Published On: May 1, 2018 |

We are excited to announce the participants in the upcoming round of BAVC Media’s Preservation Access Program! From video artists to unique regional collections, the group is representative of the wide variety of artists and institutions this unique program serves. The following is a brief overview of the clients we will be collaborating with to preserve their precious magnetic media over the coming months:

  • Visual Studies Workshop is a non-profit educational and research organization located in Rochester, NY. Their mission is to support makers and interpreters of images through education, publications, exhibitions, and collections.

  • The GLBT Historical Society collects, preserves, exhibits and makes accessible to the public materials and knowledge to support and promote understanding of LGBTQ history, culture, and arts in all their diversity. Their audio collection contains content created by Judy Freespirit, a Jewish lesbian, fat liberation and disability rights activist, performer and writer.

  • Tony Conrad, recently deceased, was an experimental musician, filmmaker, artist and performer. Starting in the 1960s he pioneered many experimental media genres , collaborating  with a number of underground and experimental artists and musicians.

  • Susan Milano is a video artist, who has been working with the format since its advent. She helped coordinate the Women’s Interart Center “Women’s Video Festival” in 1975, which helped to cultivate and bring attention to female artists working in the burgeoning field.

  • Mary Addison Hackett is a California artist. The range of her art is broad, including painting, drawing, performative video, experimental documentary, often with feminist themes and overtones.

  • Bonnie Ora Sherk is the founder and director of Crossroads Community (The Farm), a pioneering, urban agriculture, multi-arts, environmental education center formerly located where Potrero del Sol Park now stands.

  • People’s Video Theater / Survival Arts Media’s original mission was the establishment of independent video as an as electronic art form and to promote its use for real time feedback for media activism. Their current mission is to contribute to the historical record of origins of independent video and to provide a robust context which helps define how the development of independent media bridges into digital media ecosystem of the current internet era.

  • Suzanne Lacy’s work ranges from intimate, graphic body explorations to large-scale public performances involving hundreds of performers and thousands of audience members.
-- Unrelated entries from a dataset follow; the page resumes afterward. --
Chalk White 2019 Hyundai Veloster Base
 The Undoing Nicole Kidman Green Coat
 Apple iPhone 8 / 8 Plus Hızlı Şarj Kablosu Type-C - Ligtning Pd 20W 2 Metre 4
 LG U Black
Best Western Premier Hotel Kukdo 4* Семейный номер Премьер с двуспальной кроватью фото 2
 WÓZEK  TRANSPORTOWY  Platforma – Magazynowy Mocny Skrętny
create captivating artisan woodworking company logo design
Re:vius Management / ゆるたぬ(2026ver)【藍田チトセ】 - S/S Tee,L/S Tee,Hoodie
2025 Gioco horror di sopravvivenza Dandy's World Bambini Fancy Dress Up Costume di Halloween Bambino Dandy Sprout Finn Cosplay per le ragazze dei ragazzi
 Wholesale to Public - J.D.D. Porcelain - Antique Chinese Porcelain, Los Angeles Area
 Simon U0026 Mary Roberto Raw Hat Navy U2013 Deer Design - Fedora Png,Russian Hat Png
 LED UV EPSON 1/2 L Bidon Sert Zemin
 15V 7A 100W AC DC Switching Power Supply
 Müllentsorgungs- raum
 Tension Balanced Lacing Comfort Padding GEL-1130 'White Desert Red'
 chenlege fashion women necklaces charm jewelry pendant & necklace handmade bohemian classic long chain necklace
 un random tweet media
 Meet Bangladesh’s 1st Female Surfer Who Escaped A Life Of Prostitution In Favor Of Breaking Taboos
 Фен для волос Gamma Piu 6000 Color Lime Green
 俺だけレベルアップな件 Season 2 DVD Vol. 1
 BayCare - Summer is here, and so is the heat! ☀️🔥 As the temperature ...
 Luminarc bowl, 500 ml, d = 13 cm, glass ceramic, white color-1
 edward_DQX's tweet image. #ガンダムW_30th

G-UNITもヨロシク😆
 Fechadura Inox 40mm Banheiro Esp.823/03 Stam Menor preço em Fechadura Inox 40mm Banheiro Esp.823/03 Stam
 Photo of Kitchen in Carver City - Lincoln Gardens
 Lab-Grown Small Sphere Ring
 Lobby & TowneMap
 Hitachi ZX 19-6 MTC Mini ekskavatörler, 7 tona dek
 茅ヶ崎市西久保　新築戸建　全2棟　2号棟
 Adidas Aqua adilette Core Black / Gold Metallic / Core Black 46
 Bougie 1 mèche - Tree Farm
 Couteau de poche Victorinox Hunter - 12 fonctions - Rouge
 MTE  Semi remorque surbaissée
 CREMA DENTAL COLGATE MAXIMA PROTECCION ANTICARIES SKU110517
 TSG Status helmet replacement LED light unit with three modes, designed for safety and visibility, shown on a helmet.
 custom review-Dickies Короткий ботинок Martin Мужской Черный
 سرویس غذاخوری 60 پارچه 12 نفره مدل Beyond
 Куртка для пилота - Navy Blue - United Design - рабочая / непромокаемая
Her video collection includes documentation of early performances and feminist art, as well as interviews with other artists.

  • Videoda, a project of Contact Collaborations, Inc., archives performance documentation of Contact Improvisation from its inception in 1972. Alternately called an art-sport, a social dance, animal play, or a physical dialogue; Contact Improvisation has evolved into a world-wide practice with a profound influence on the contemporary dance.

  • Ravenswood was an ambitious experiment in racial integration and alternative education in American history. Ravenswood High School attracted visits and speeches from some of the most important minority, artists, civil rights leaders and education reformers of the time including: Maya Angelou, Cecil Williams, Wilson Riles, David Harris and Correta Scott King. Two of these are speeches are among the tapes in this collection.

  • Rick Tejada Flores is a San Francisco based documentary filmmaker. He started his work in television in 1969 at KQED. His films capture the lives of Latin-American artists, individuals and communities.

  • Eric Theise is a San Francisco filmmaker, developer, and lecturer. His works include experimental video, as well as documentation of his lectures related to computers, freedom, and privacy in the context of the then-new Internet.

  • Adam Werbach produced the ground-breaking 13 episode environmental investigative documentary, The Thin Green Line, in the late 1990s. The program was shown on the Outdoor Life Network, until it was cancelled after a large american auto manufacturer threatened to pull sponsorship from the network unless the show was removed.

  • CCTV Channel 17 / Town Meeting TV have archives that reach back to 1984, with recordings of community events and meetings through the heyday of Burlington, Vermont’s progressive political government under the leader of then-Mayor, now U.S. Senator, Bernie Sanders.

  • Reality Check TV is a long running cable access television show and longtime supporter of independent media, and San Francisco arts, music and theater.

The Preservation Access Program is made possible by the incredible generosity of The Andrew W. Mellon Foundation and the National Endowment for the Arts.